- _SUPPLIED MATERIAL_:
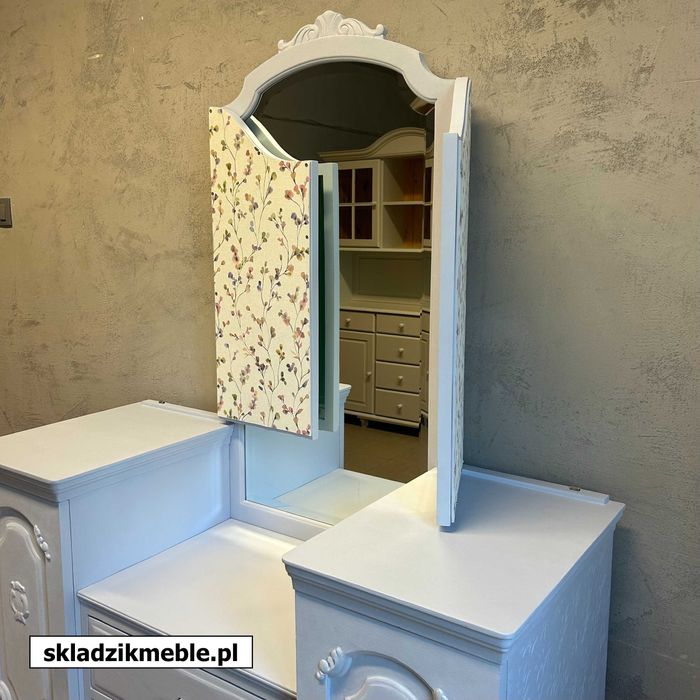 220325 Błękitna toaletka po metamorfozie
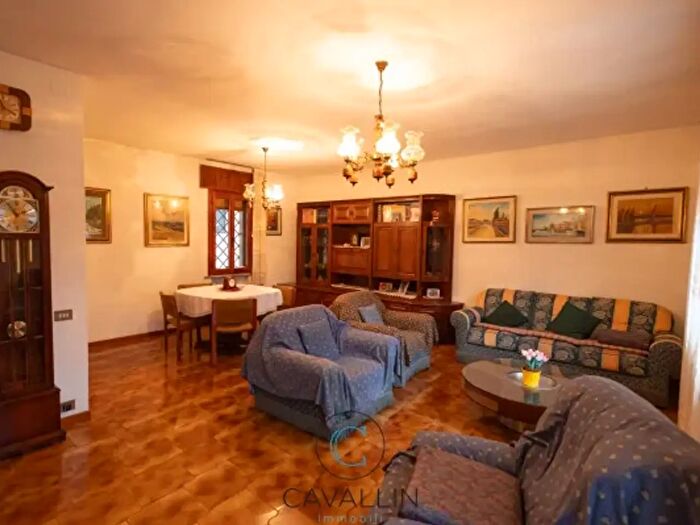 Casa con 6 locali in vendita in Via Montello, Montebelluna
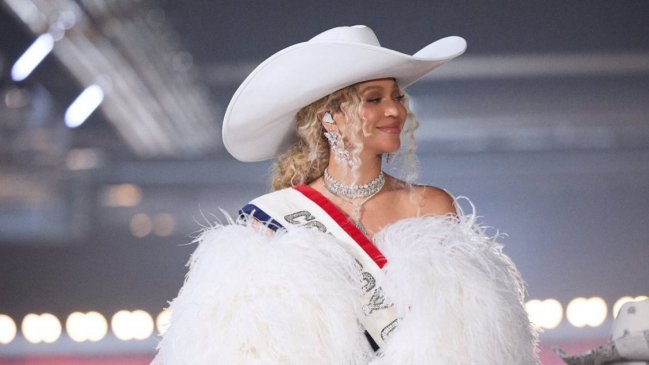 En la NFL: Beyoncé debutó canciones en vivo y cantó un cover de The Beatles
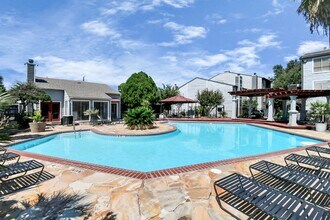 Building Photo - 5959 Bonhomme Rd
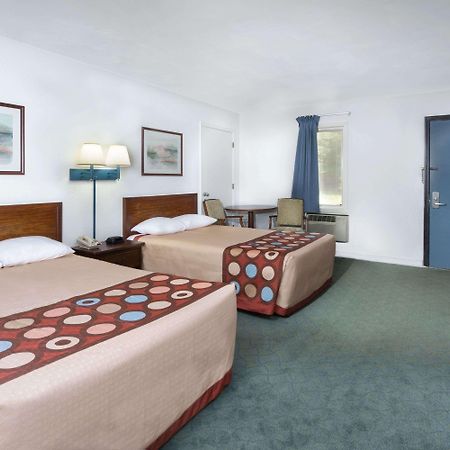 ซูเปอร์ 8 บาย วินด์แฮม เทย์เลอร์วิลล์ อิลลินอยส์ Hotel Taylorville ภายนอก รูปภาพ
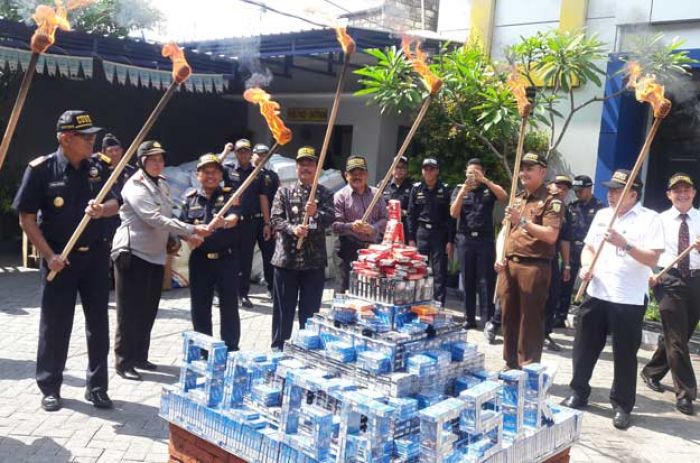 Bea Cukai Gresik Musnahkan Barang Sitaan Senilai Rp 1 Miliar Bea Cukai Gresik Musnahkan Barang Sitaan Senilai Rp 1 Miliar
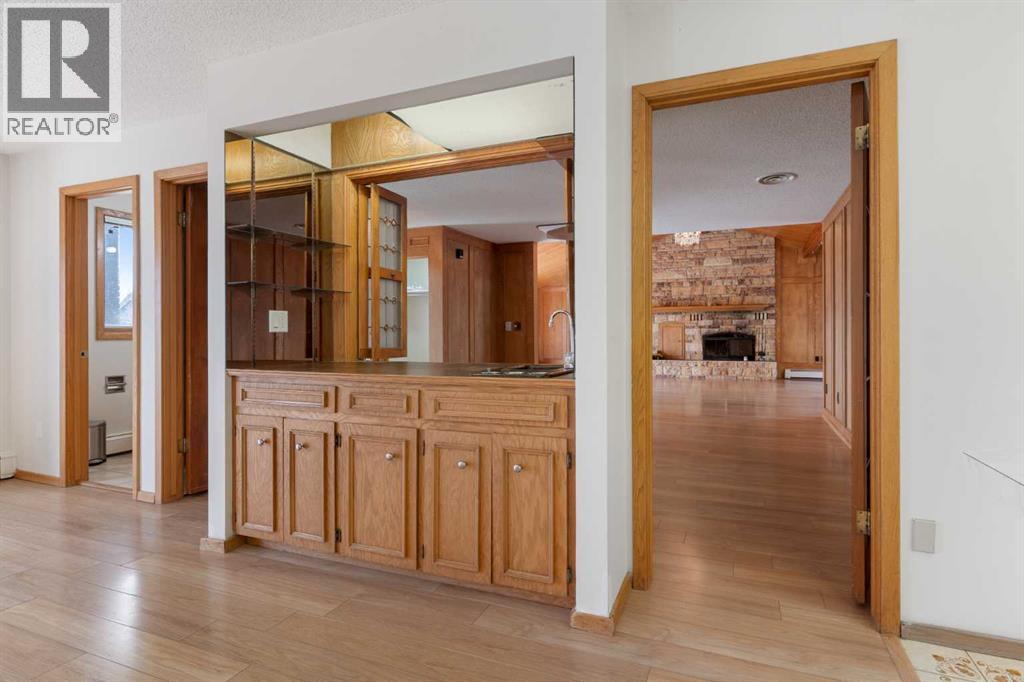 Photo 4 of 1008 Shawnee Drive Sw, Calgary AB
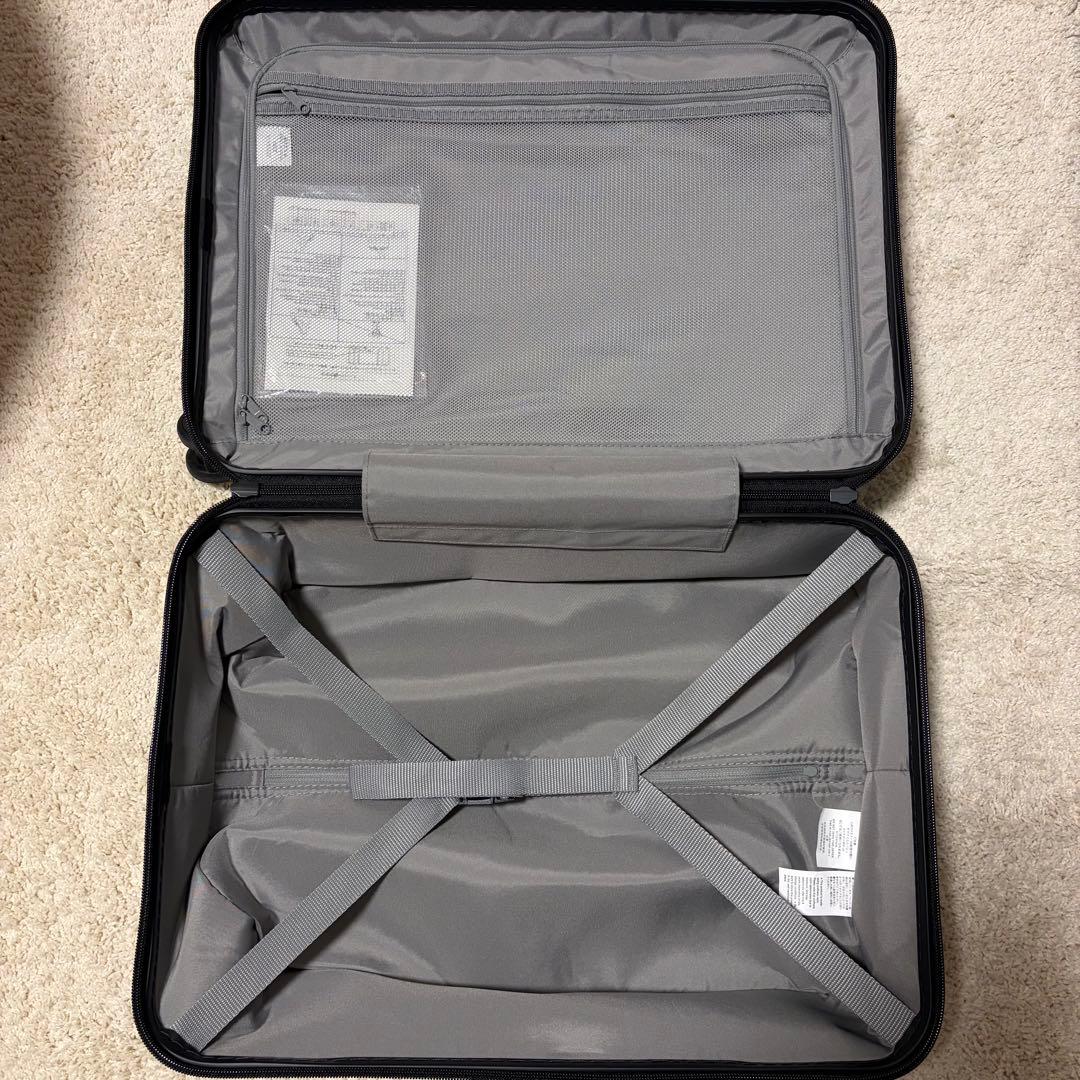 未使用に近い　無印　キャリー　ブラック　36L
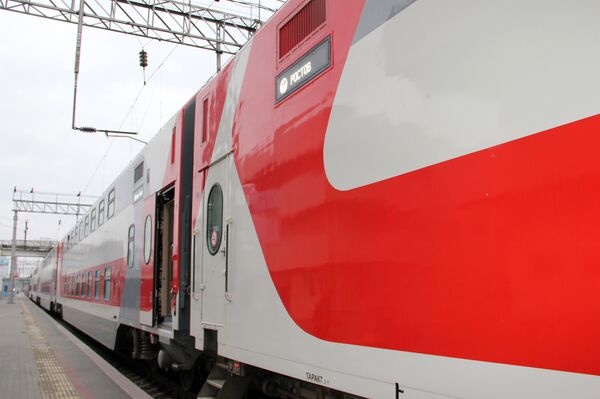 Двухэтажный скорый поезд Сочи-Ростов-На-Дону Двухэтажный скорый поезд Сочи-Ростов-На-Дону - Sputnik Таджикистан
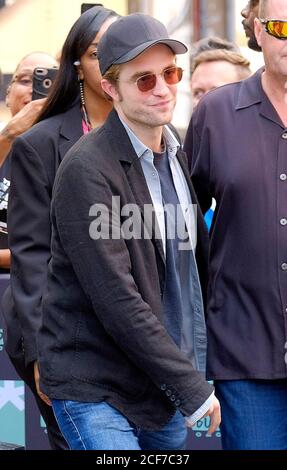 Manhattan, Stati Uniti d'America. 10 agosto 2017. NEW YORK, NY - AGOSTO 10: Robert Pattinson entra nel programma 'AOL Build' presso gli AOL Studios il 10 Agosto 2017 a New York City. Persone: Robert Pattinson Credit: Storms Media Group/Alamy Live News Foto Stock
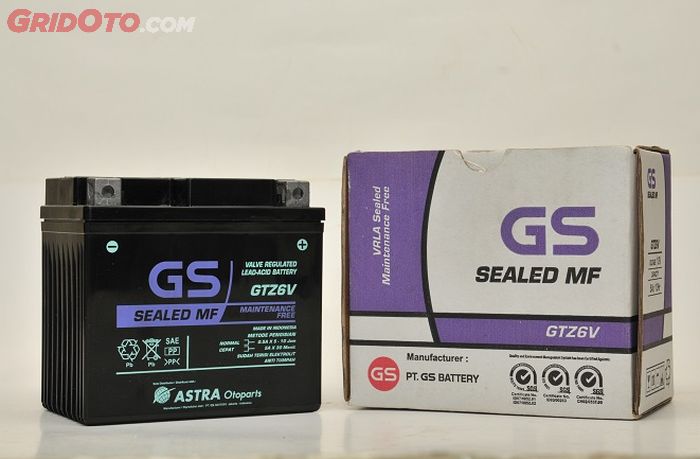 Salah satu aki motor yang dijual di Toko Aki Surya, yaitu GS Astra.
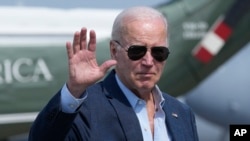Само неколку години помладиот од него, Доналд Трамп предизвикува неверојатно помалку загриженост за неговата возраст, според новата анкета на Асошиетед прес-НОРЦ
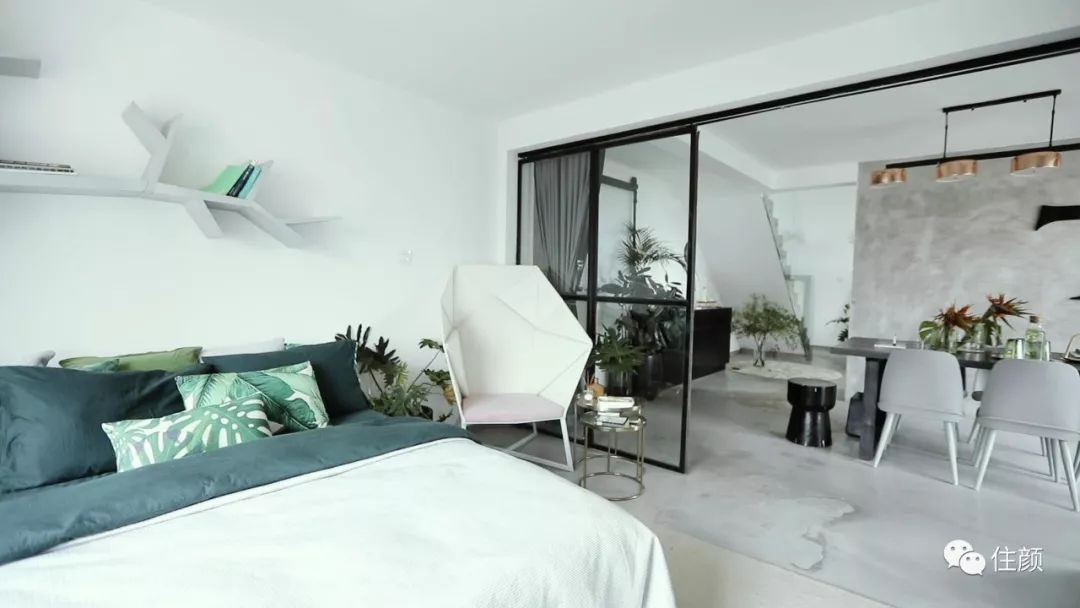 网购家具和实体店家具有什么区别,同样是网店为什么旗舰店的贵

- _WHAT IS BEING ASKED_: Please set down the whole listing above exactly and skip every picture.

- _ANSWER BOX_:
 220325 Błękitna toaletka po metamorfozie
 Casa con 6 locali in vendita in Via Montello, Montebelluna
 En la NFL: Beyoncé debutó canciones en vivo y cantó un cover de The Beatles
 Building Photo - 5959 Bonhomme Rd
 ซูเปอร์ 8 บาย วินด์แฮม เทย์เลอร์วิลล์ อิลลินอยส์ Hotel Taylorville ภายนอก รูปภาพ
 Bea Cukai Gresik Musnahkan Barang Sitaan Senilai Rp 1 Miliar Bea Cukai Gresik Musnahkan Barang Sitaan Senilai Rp 1 Miliar
 Photo 4 of 1008 Shawnee Drive Sw, Calgary AB
 未使用に近い　無印　キャリー　ブラック　36L
 Двухэтажный скорый поезд Сочи-Ростов-На-Дону Двухэтажный скорый поезд Сочи-Ростов-На-Дону - Sputnik Таджикистан
 Manhattan, Stati Uniti d'America. 10 agosto 2017. NEW YORK, NY - AGOSTO 10: Robert Pattinson entra nel programma 'AOL Build' presso gli AOL Studios il 10 Agosto 2017 a New York City. Persone: Robert Pattinson Credit: Storms Media Group/Alamy Live News Foto Stock
 Salah satu aki motor yang dijual di Toko Aki Surya, yaitu GS Astra.
Само неколку години помладиот од него, Доналд Трамп предизвикува неверојатно помалку загриженост за неговата возраст, според новата анкета на Асошиетед прес-НОРЦ
 网购家具和实体店家具有什么区别,同样是网店为什么旗舰店的贵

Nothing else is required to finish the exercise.